According to statistics of the Factor Chain International (FCI), factoring service is available in 74 countries with the involvement of 264 banks and is applied to TTR or D/A transactions. Factoring service in Vietnam has been developed rapidly in leading exports such as textiles and garments, leather and footwear, processed food, wooden furniture, and electronics and spare parts. According to the FCI’s statistics, factoring service revenue in Vietnam reached 100 million euro in 2013, 1.5 times higher than that in the 2011-2013 period when factoring service export revenues contributed 80 percent.

Factoring service, a complete financial package, combines working capital financing, credit risk prevention, and management and collection of receivables. Under the agreements between a factor and an exporting enterprise (a seller), the factor buys the seller’s receivables which are not claimable, and takes on responsibilities for a buyer’s ability to pay. Due to any credit reasons, the buyer goes bankrupt or is unable to pay, the factor will pay the seller. When the seller and buyer are in different countries, it is called as international factoring service (or exporting factoring service).
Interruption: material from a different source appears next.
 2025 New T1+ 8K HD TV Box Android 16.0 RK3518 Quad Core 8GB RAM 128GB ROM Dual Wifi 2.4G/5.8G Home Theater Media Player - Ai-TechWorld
Although factoring service has considerable benefits, it has not been dramatically developed in Vietnam on the grounds that (i) its benefits have not been understood completely, especially its supports for developing markets and relations with partners; (ii) enterprises often accept risks in terms of international trade since they are not fully aware of the application of risk preventions; and (iii) most enterprises usually hesitate to use such a factoring service due to its service fees while its real economical efficiencies are that banks support enterprises in the management of receivables, collection of debts and reducing risks.
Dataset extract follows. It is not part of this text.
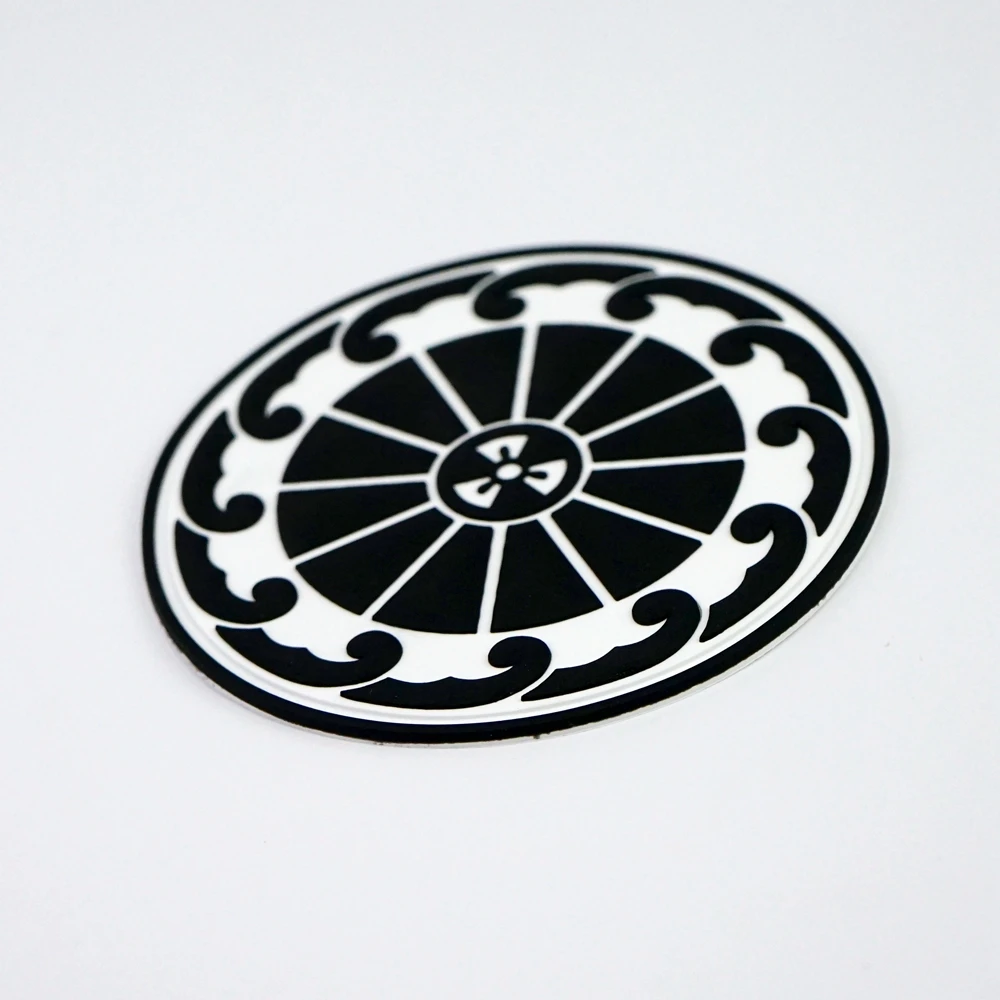 RISHUN Custom LOGO PVC Patch Rubber Patch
At BIDV, exporting factoring service (international factoring service) has been developed for the last two years and offered a number of advantages and improvements for clients. Firstly, BIDV may advance up to 98 percent of the invoice value to the exporters with the factoring term up to 220 days and no collateral required (if transactions meet some certain requirements). As a result, the cash flows of exporters are accelerated since the exporting factoring service fastens payment collections and working capital cycles, and helps to develop manufacturing and trading operations. Secondly, the receivables of enterprises are assured resulting to no existence of tied-up capital and bad debts. Thirdly, this service has reversed the responsibilities of debt collections from enterprises to BIDV, enterprises may reduce time- and cost-consuming on the administrations and documentations of debt collections, maintain good relations with other partners as well as authorities, and concentrate on improvement of manufactures. Finally, the exporting factoring service increases the competitive advantages of enterprises when enterprises accept reimbursement methods without worries about the efficiencies of working capital.

Moreover, in order to increase benefits to our clients, BIDV has signigicantly improved its factoring service. First, exporting markets in the world has been widened. Years ago, exporting factoring service was restricted to the exporting markets in the US and Canada. Nowadays, most clients might use BIDV’s factoring service in any exporting markets in the world, not only in North America. Apart from exporting markets, the currency used in exporting factoring service has been persified. Currently, not only transactions in US dollars but also in other curencies such as euro, JPY and HKD could be accepted for the exporting factoring service.

Factoring service in Vietnam will become more popular and be developed considerably together with other traditional types of credit. Implementation and development of  factoring service will increase BIDV’s competitiveness, especially in the circumstance that Vietnam is quickly integrating with  the global economy./.